The Colorado Supreme Court ruled against anti-tax advocates on Monday, saying that the city of Aspen’s 20-cent paper bag charge amounts to a fee and is therefore not subject to restrictions under the Taxpayer’s Bill of Rights.
The Aspen City Council passed the ordinance in 2011, which requires grocers to collect the fee and remit most of the revenue to the city. Those funds go toward waste management and recycling, and cannot be added to the city’s general fund. It was this detail that convinced a majority of the court’s justices to side with the city of Aspen.
“... it is plainly reasonable for Aspen to charge $0.20 per non-reusable bag to defray the costs of its waste-management scheme,” the court majority wrote. “Accordingly, this charge is not a tax. The primary purpose of the charge is not to raise revenue.”
The ruling turned aside a lawsuit filed by The Colorado Union of Taxpayers, an anti-tax advocacy group that was one of the original supporters of The Taxpayer’s Bill of Rights. Marty Neilson, the group's president, wrote in a tweet that the court's decision "continues to obliterate TABOR." "Alas, the justices deliver no justice!" she wrote.

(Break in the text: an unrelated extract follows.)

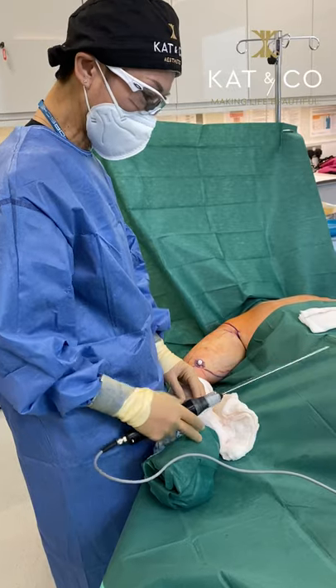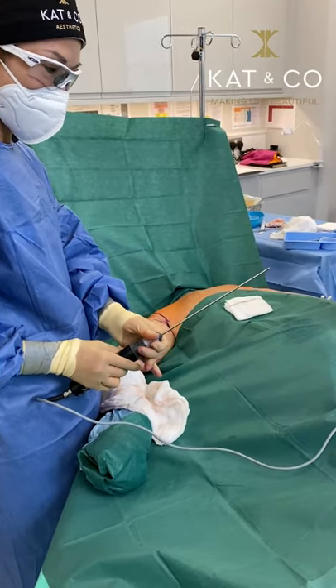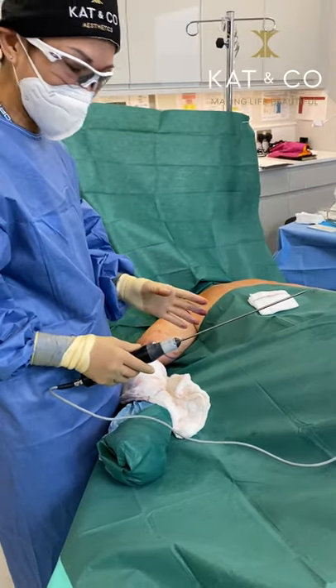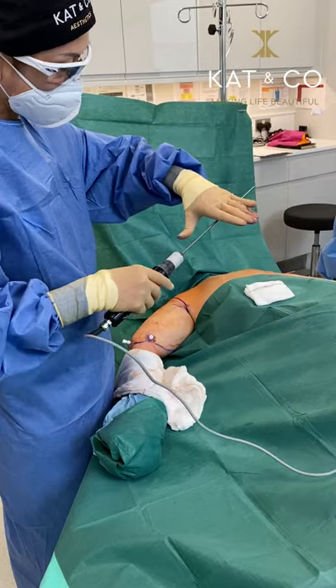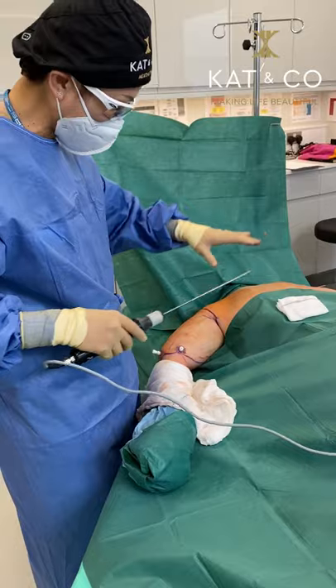So I'm putting in the vaser liposuction now. This is the high energy ultrasound probe that will melt the fat — but not just that. The probe goes underneath the skin and it's helping to tighten the skin at the same time.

TABOR, a constitutional amendment passed by voters in 1992, limits government's’ ability to raise taxes and retain revenue without voter approval. But because the amendment does not define what a tax is, government entities have had success in raising fees.
“... this deficiency has led to a significant weakening of TABOR,” wrote Rob Natelson, the author of a legal review of TABOR published by the libertarian Independence Institute in 2016.
In an amicus brief filed with the court prior to the ruling, the Colorado Municipal League, a lobbying group for the state’s towns and cities, warned that a ruling in favor of the anti-tax advocates would restrict municipalities’ abilities to “perform essential duties.”
“These new standards will invite chaos by requiring unattainable fee structures for municipal governments,” the brief read.
Three justices disagreed with the majority. In his dissent, Justice William W. Hood, III argued because the revenue generated by the fee would benefit the whole community and not just those who pay the fee, the charge amounts to a tax.
“Tempting though it may be to provide a reprieve to local governments seemingly hamstrung at times by the strictures of TABOR, that policy decision is not ours to make,” Hood wrote.